MB: But what’s interesting is when – also, she came back – but in that era you can’t keep yourself alive in the minds of the press and in the minds of people – all the tools that we have now aren’t open to her, but still it feels like she was punished for leaving and punished even more for returning – and eradicating her contribution doesn’t feel accidental.
PBG: Its gender and its time and the progression of cinema. Thank God the films were distributed because we found them later and her children didn’t want to have anything to do with cinema – they were anti that, she was also somebody that kept travelling with her daughter – so it’s not like there’s a GPS system to figure out where she was – so even if she was to be interviewed – where is she? I just think that the world wasn’t ready to bring silent cinema back to the forefront of restoration – it was just the beginnings of it. And she was at this event, the anniversary event with all the archivists – and they didn’t realise who she was, and she didn’t realise that they had her films until later, because there’s no directing credit! Thank God that one guy, that collector had something like two films and a fragment, it’s better than zero – and she didn’t save the work, like all her posters – she had very little. Men were much better at that.
MB: That’s interesting
PBG: They were very big on self-publicizing. Recently I overheard somebody talking and she said, “there’s no correspondence with her, but he has all the stuff about himself.” I turned and I was like: “Yes! Men always… that’s what they did.” That was the way of the world back then. None of these women saved anything because they didn’t think of it. At least she was smart enough to save some of it.
MB: Fascinating, because it’s not just who writes the history, but who preserves their own history in order for it to be passed on.
PBG: When I was accepted to Cannes the NY Times wrote an article – they mentioned Jodie as a quote – they mentioned the film – they didn’t mention my name. I was like woah! Again! I called the person – contacted them to say: “Hey, can you add my name?” And they’re like:“No – it’s too late.”

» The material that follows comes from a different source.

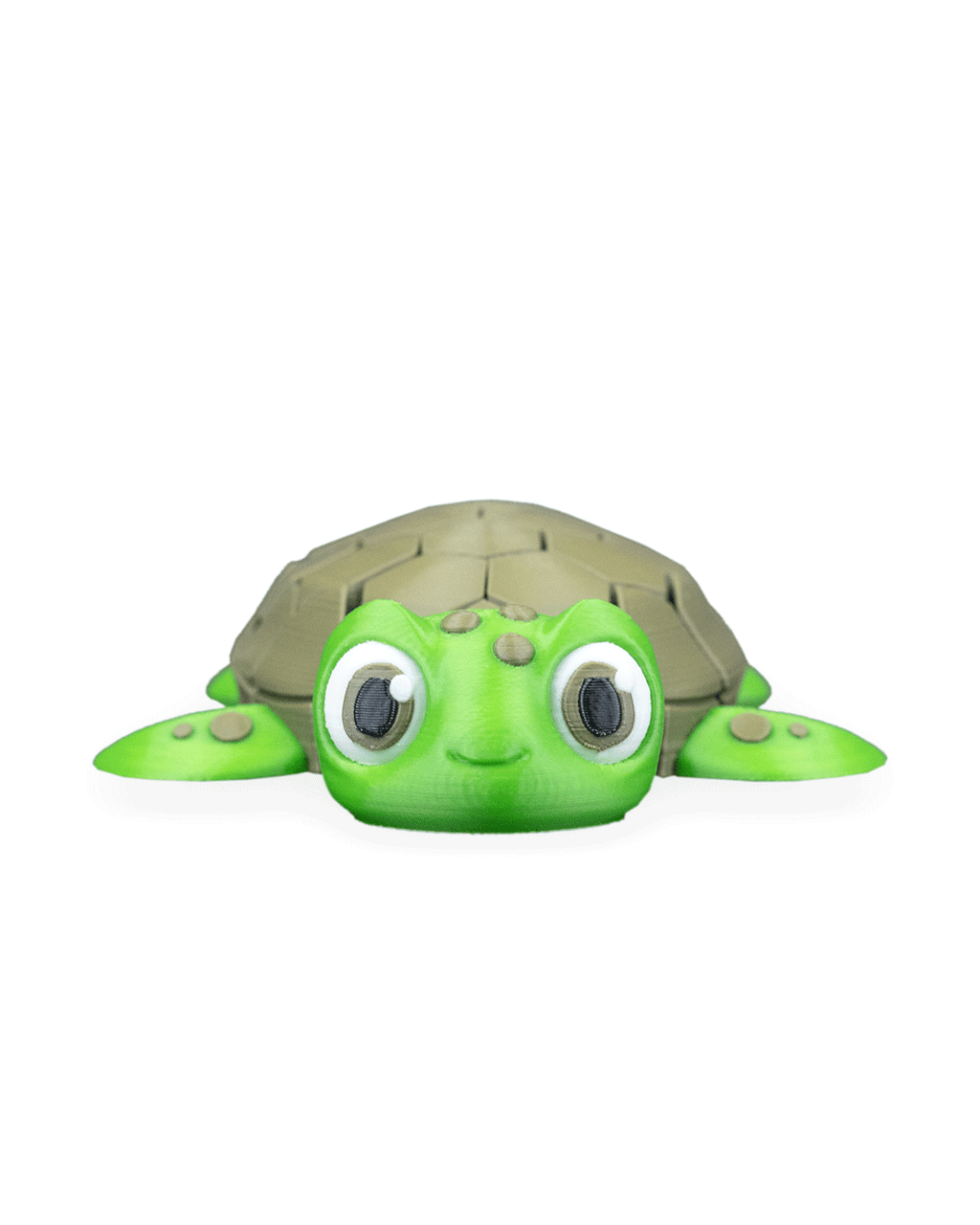 Myrtle The Turtle 13
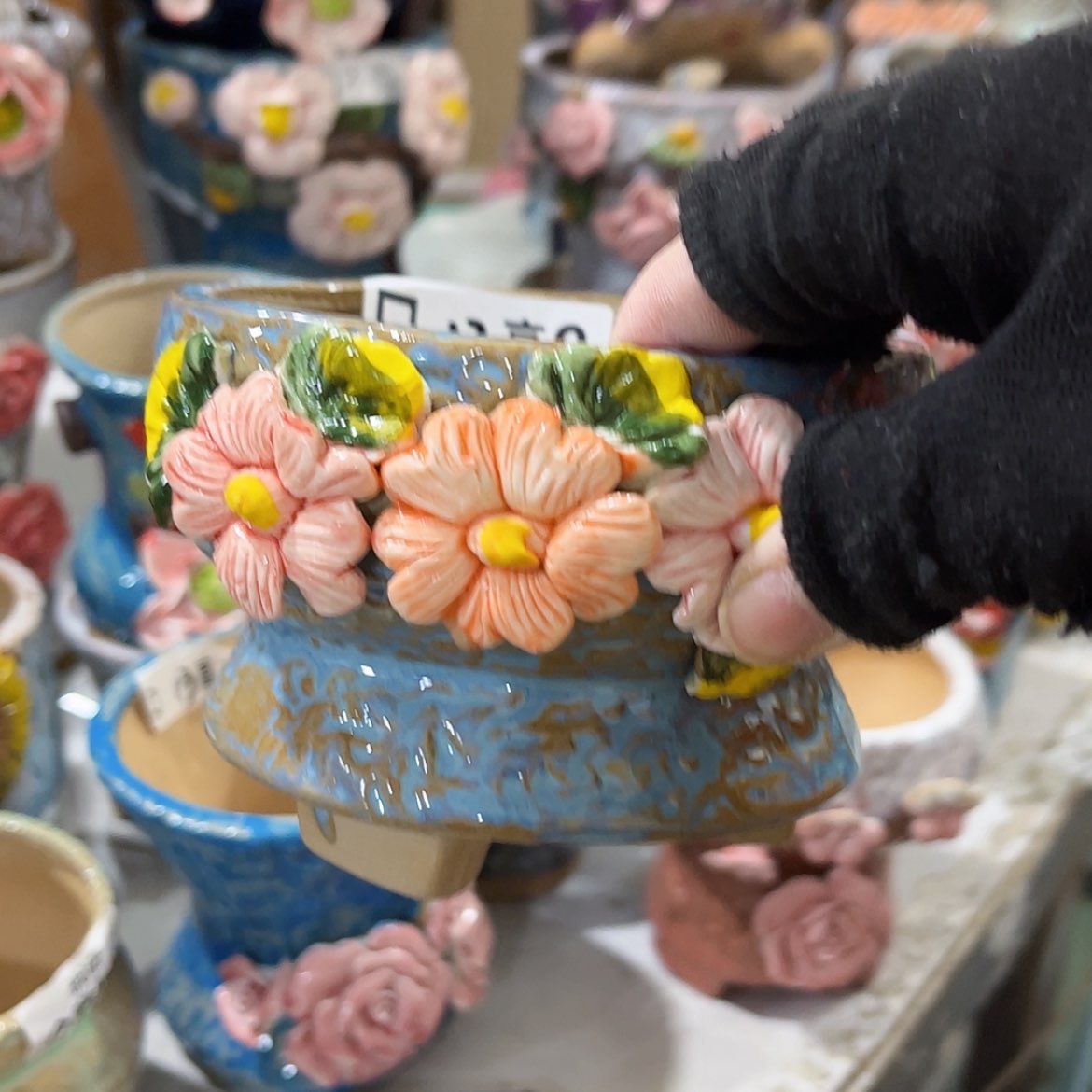 【闪购商品】红陶福利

MB: The history of exclusion continues to this day as we know.
PBG: Yeah, so you have to keep fighting – double-checking, triple-checking. We corrected all day long – we see something, we’re like: “No! That’s misspelled”… etc. I mean there was a picture of Mary Pickford for the longest time that showed up if you Googled Alice Guy–Blaché. I think Getty had attributed a picture of Mary Pickford to being Alice. So that is everywhere – we spent six months correcting that.
MB: Well, Pamela, I’m sure Alice would be delighted to meet you. It’s amazing. One of my favourite quotes is: “Deep assignments run through all our lives; there are no coincidences.” Which is JG Ballard. So, I agree with you – she chose you, you were given this assignment.
PBG: She needs to get off my back though ha haaaaaa!
MB: You can clock off. You’re allowed to clock off.
MB: Also what I wanted to say is that we find so often with films we want to show – even really well-known films – that they are not archived, or a digital version exists but it’s not on DCP, and then you go: who makes these decisions? Like that archivist from USC says in the film: “Thirteen different versions of Metropolis…”
PBG: You just gave me a weird idea. I have a crazy idea. I’m so tired of seeing DVDs, compilations of just women. What if we mixed it? What if we had Méliès and Alice so that we break this like…? You know I’m Jewish? So why do you need the women upstairs, and the men downstairs – that’s what it feels like. How cool would it be to mix it?
MB: Yes, that’s the next step really.
PBG: Yeah, because you want to not have the division.
MB: She had a seat at the table. She was there at the birth of cinema.
PBG: She’s part of carving the table and the chair that she sat in – the last supper!
MB: Yeah, massively significant. No one invited her, she was there at the same time as all of them.